Miss Rachael Utting

Supervised by

Research interests

Collecting Leviathan: curiosity, exchange and the British Southern Whale Fishery (1775-1860)

The project investigates the culture of collecting onboard whaling voyages associated with the British Southern Whale Fishery during the eighteenth and nineteenth centuries. It considers the circulation of artefacts, specimens and imagery through various networks including auction houses, curiosity shops, major museums and private collections.

The Southern fleet was active between 1775-1860 and for part of this period was the largest whaling fleet in the world. The average voyage of a London-based whaler lasted about three years meaning regular stops at ports of call across the world had to be made in order to collect fresh food, water and wood. Whaling logs and private journals (particularly those kept by whaling surgeons) indicate that during these island layovers, whalers interacted in various ways with local inhabitants, acquiring indigenous artefacts and other objects retained for personal interest, exchange or sale as ‘curiosities’. Ports of call frequented by whaleships were found all across the Indian and Pacific Oceans and these spaces became cultural contact zones due to the mixing of ethnically diverse ship’s crews, but also due to this trade in curiosities.  
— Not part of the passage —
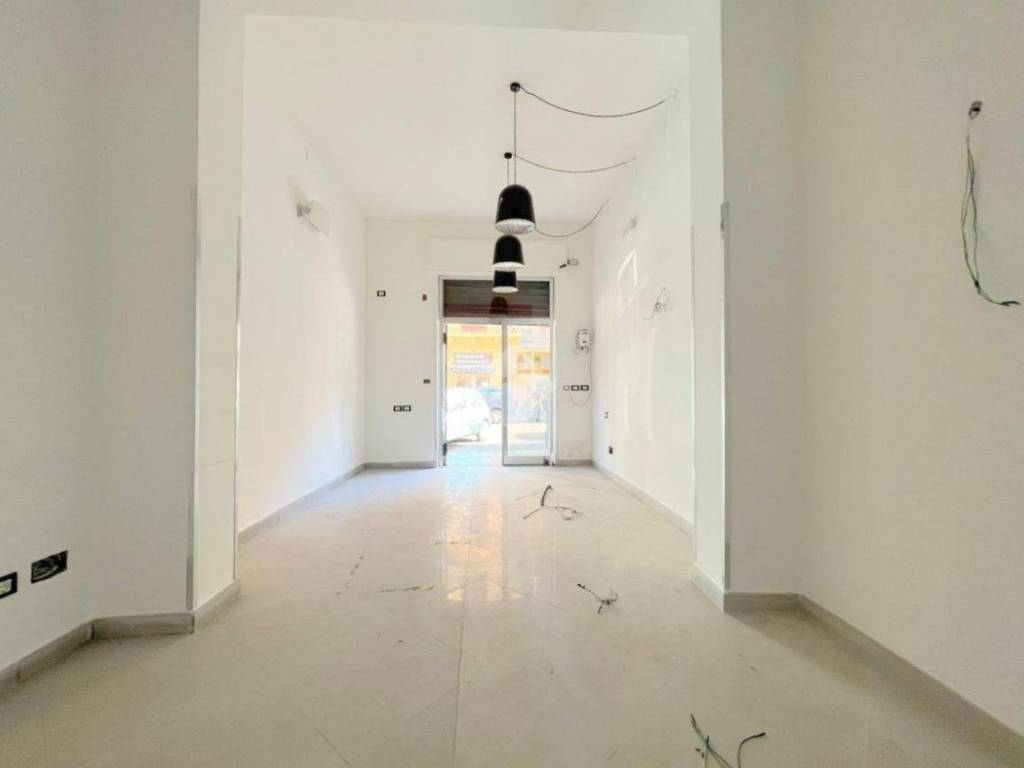 negozio in affitto a Palermo in zona Noce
These objects then moved in myriad ways – for example through informal exchange, commercial networks, family inheritance or formal donation - into personal and public museum collections around the world. By analyzing these moments of exchange and encounter through sources such as whaling logs, journals, auction house records and public and private correspondence I am creating an understanding of the role played by the whalemen in supplying the trade in curios, and the networks of exchange within which they operated. This project aims to enhance our knowledge and understanding of early British collecting practices and highlight the agency of the whalers of the British Southern Whale Fishery within this.